Pubblicato sabato 18 Ottobre 2014 alle 21:39 da Francesco

Alcuni giorni fa ho iniziato la lettura de “Il suicidio” di Durkheim, ma prima di affrontare il testo originale mi sono immerso in un’introduzione di oltre duecento pagine che mi ha dato un quadro attuale del tema. La sociologia non mi attrae poiché allo studio delle masse io preferisco quello dei singoli casi, però so che le une non sono scisse dai secondi poiché questi formano le prime. Il pensiero della morte mi accompagna fin dalla più tenera età: non ho mai tentato d’eluderlo e so anche che non potrò deluderlo. In determinati casi persino l’uso delle assonanze può essere considerato come un ricorso all’eutanasia: quella dello stile.
Malgrado le più tetre elucubrazioni non ho mai compiuto dei tentativi di suicido, infatti volente o nolente non mi fanno difetto né la salute fisica né quella mentale: tutt’al più mi sono procurato qualche problema di troppo con la mia lucidità, talora un’arma a doppio taglio.
Finora nel libro succitato non ho scorto nulla di nuovo, niente che non abbia già appreso altrove o a cui non sia già arrivato da solo, tuttavia lo reputo un ottimo lavoro di verifica e apprezzo il fatto che l’introduzione offra il proprio fianco all’autocritica, in particolare quella sulla raccolta dei dati e sulle loro comparazioni. Che anche i ricchi piangano o che, a seconda dei contesti e delle congiunture economiche, delle condizioni sociali o dei frangenti politici, determinate fasce d’età siano più esposte al rischio di uccidersi rispetto ad altre, ebbene, tali conclusioni a me erano già note. Mi ha colpito l’impiego del termine anomia con il quale Durkheim riassume la carenza di solidarietà e le sue nefaste conseguenze, ma al di là della forma non l’ho condiviso poi molto in quanto mi pare che egli lo designi come il cippo iniziale di una crisi dei valori, ciò che io ho subito associato al Crepuscolo degli idoli di Nietzsche e che dal mio punto di vista non reputo negativo.
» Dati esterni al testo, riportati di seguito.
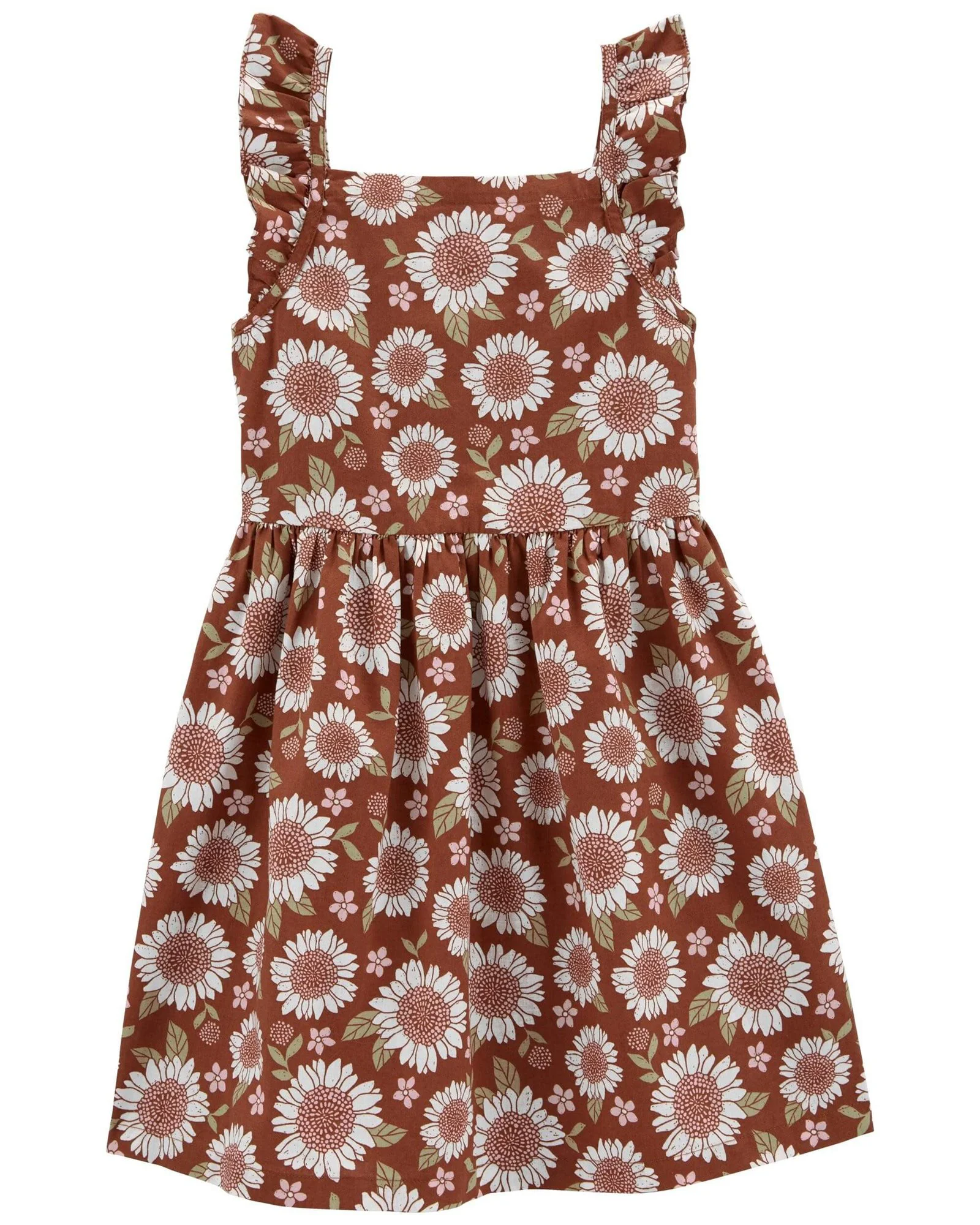 Carter's Rochie de in cu flori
Pecco di empatia, coltivo il mio orticello dove a volte pare che nulla nasca e tutto sia già morto? Può darsi, infatti porto in un contesto autoreferenziale tutto quello che posso trascinarmi dietro dalla trattazione di cui sopra e non ho alcuna intenzione di fornire interpretazioni generali.
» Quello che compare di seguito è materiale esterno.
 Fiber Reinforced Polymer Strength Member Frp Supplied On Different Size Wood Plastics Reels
Per Aristotele (e chissà per quanti prima e dopo di lui) l’uomo è un animale sociale, ma io credo che ci sia una netta differenza tra la percezione di sé stessi come pecora in un recinto o come lupo in un branco: poi ci sono i disturbi bipolari che permettono il rapido avvicendarsi d’ambo le esperienze a costo della dissociazione, ma questo è un altro discorso, un’altra altalena; forse.
L’identificazione (uno dei mali che Gurdjieff e i suoi allievi hanno spesso sottolineato) mi sembra che sia una spontanea attività compensatoria: la politica, la gelosia, il tifo, la religione e tutto il resto dell’illusorietà, compresa la cultura quando sia ridotta ad un semplice accumulo di nozioni.  Io credo che sia possibile appartenere autenticamente a qualcosa o a qualcuno (non nel senso del possesso, bensì in quello stabilito da un’intesa che sappia sancire e annullare le rispettive solitudini), ma lo reputo tutt’altro che semplice, eppure non vedo a cos’altro possa tendere chi non avverta una vocazione naturale per il romitaggio (e anche nelle pratiche ascetiche ho visto molta identificazione). Thanatos prevale quando Eros latita, come i topi ballano quando il gatto non c’è, perciò, senza scadere nell’ingenuità o nella pochezza di certi sentimentalismi, condivido quanto sosteneva La Fontaine, ovvero che tutto l’universo obbedisce all’amore.